→ **Problem requirements**
Could you please output only the lines from the one holding "A bathroom with" through the end of the listing below, exactly as written and without pictures?

→ **Information provided**
/---

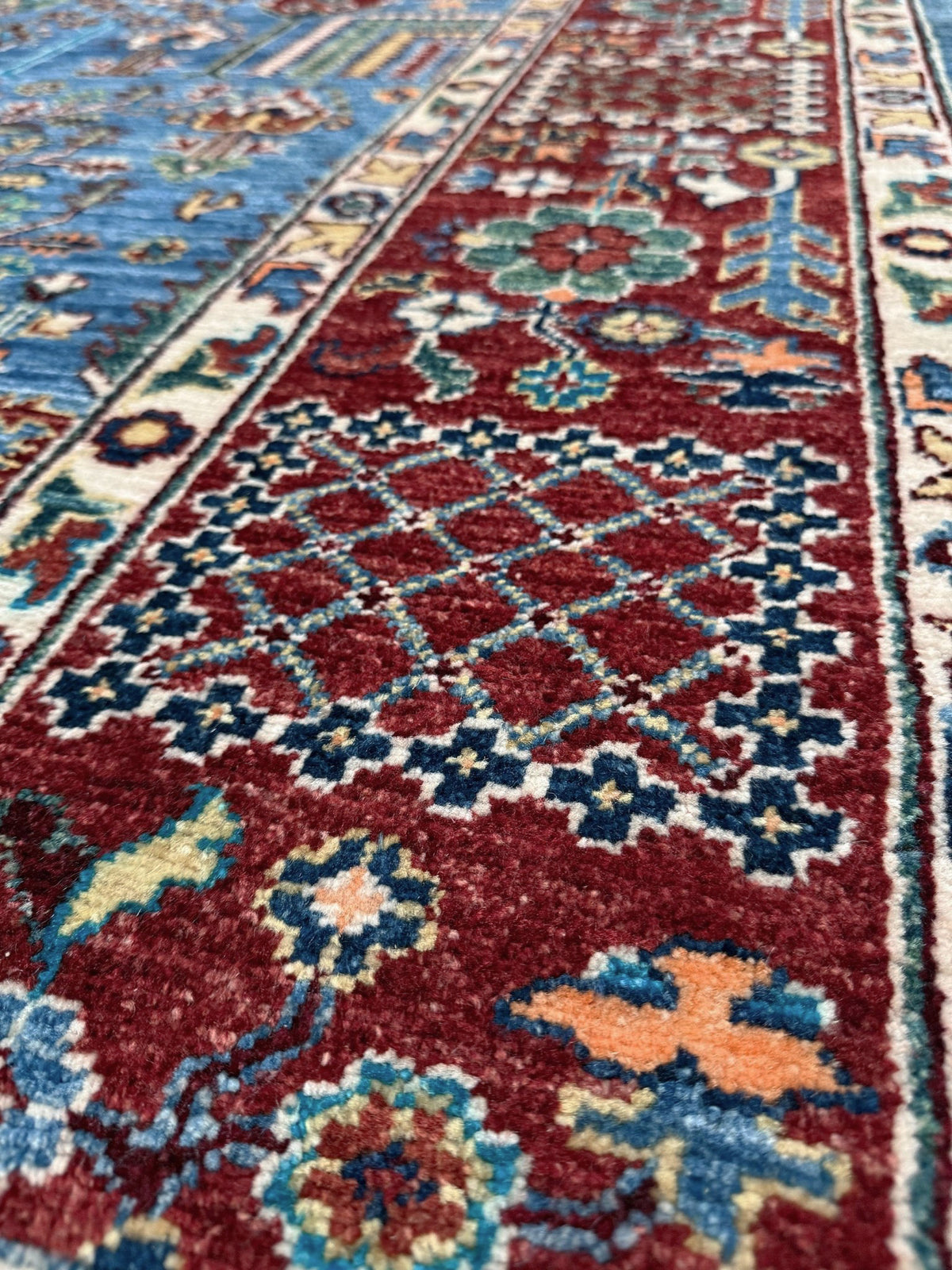 9x12 Tree of Life rug with sky blue field, deep crimson border, cypress trees, floral motifs, handmade wool from Indigo Rugs Burlingame Bay Area.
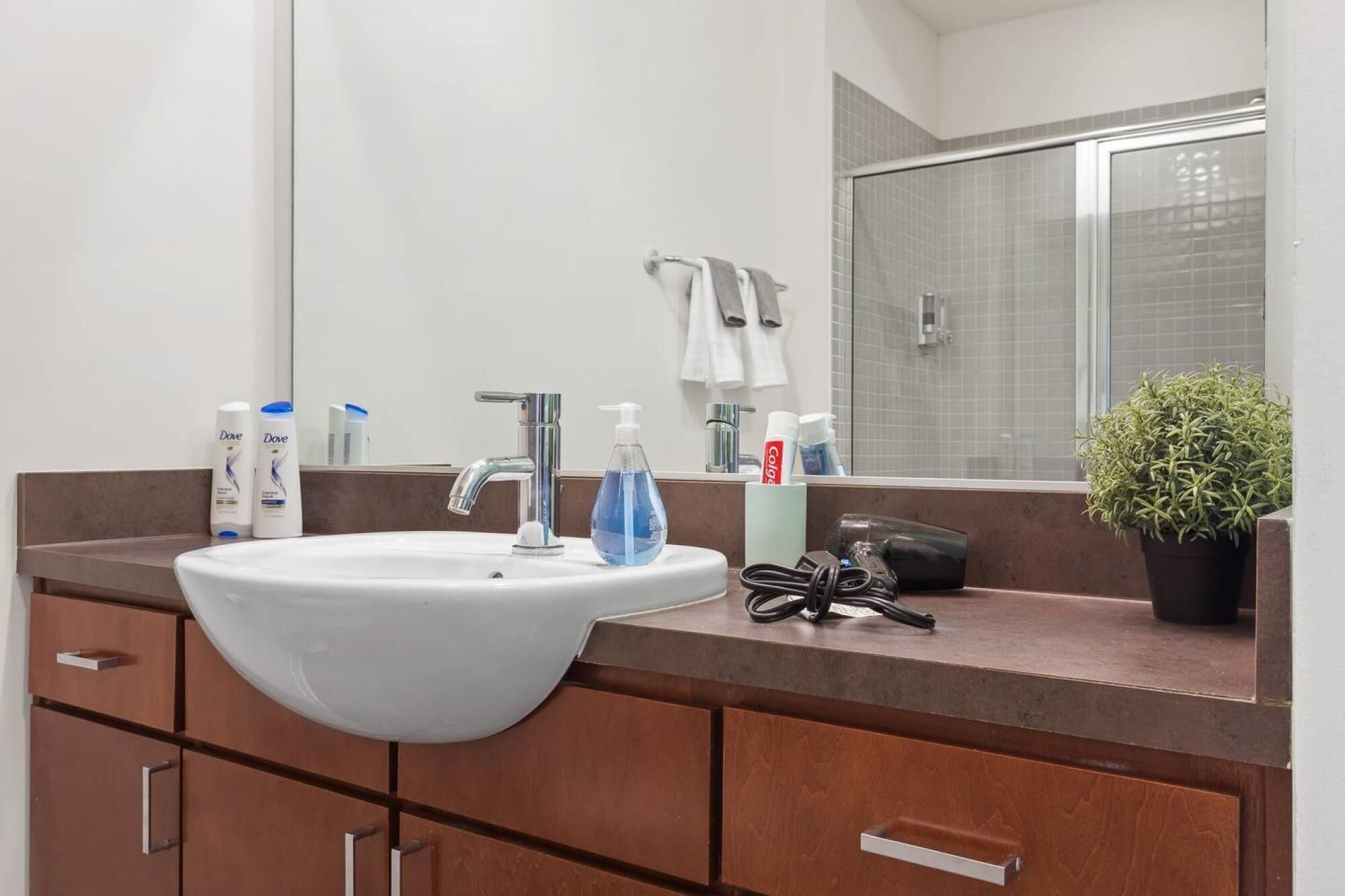 A bathroom with a white sink, a mirror, and a shower. There are toiletries on the counter, including Dove shampoo and body wash.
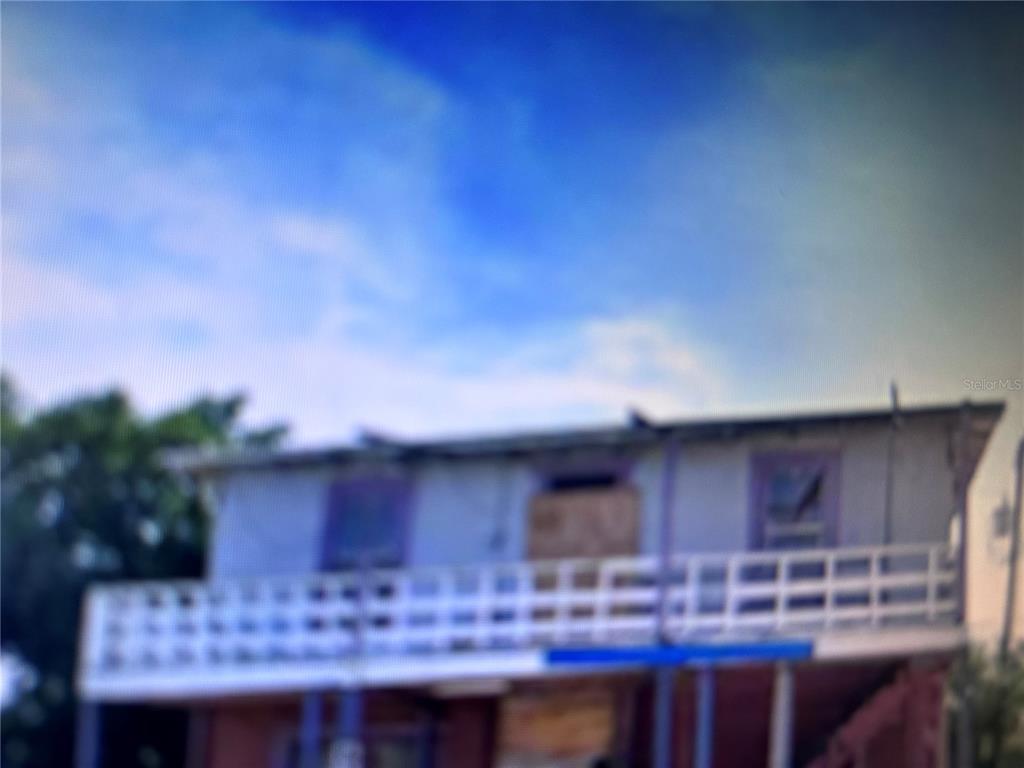 A two-story house with a white balcony railing and boarded-up windows — 624 SW AVENUE C PLACE UNIT 20, BELLE GLADE, FL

\---

→ **Response to this exercise**
 A bathroom with a white sink, a mirror, and a shower. There are toiletries on the counter, including Dove shampoo and body wash.
 A two-story house with a white balcony railing and boarded-up windows — 624 SW AVENUE C PLACE UNIT 20, BELLE GLADE, FL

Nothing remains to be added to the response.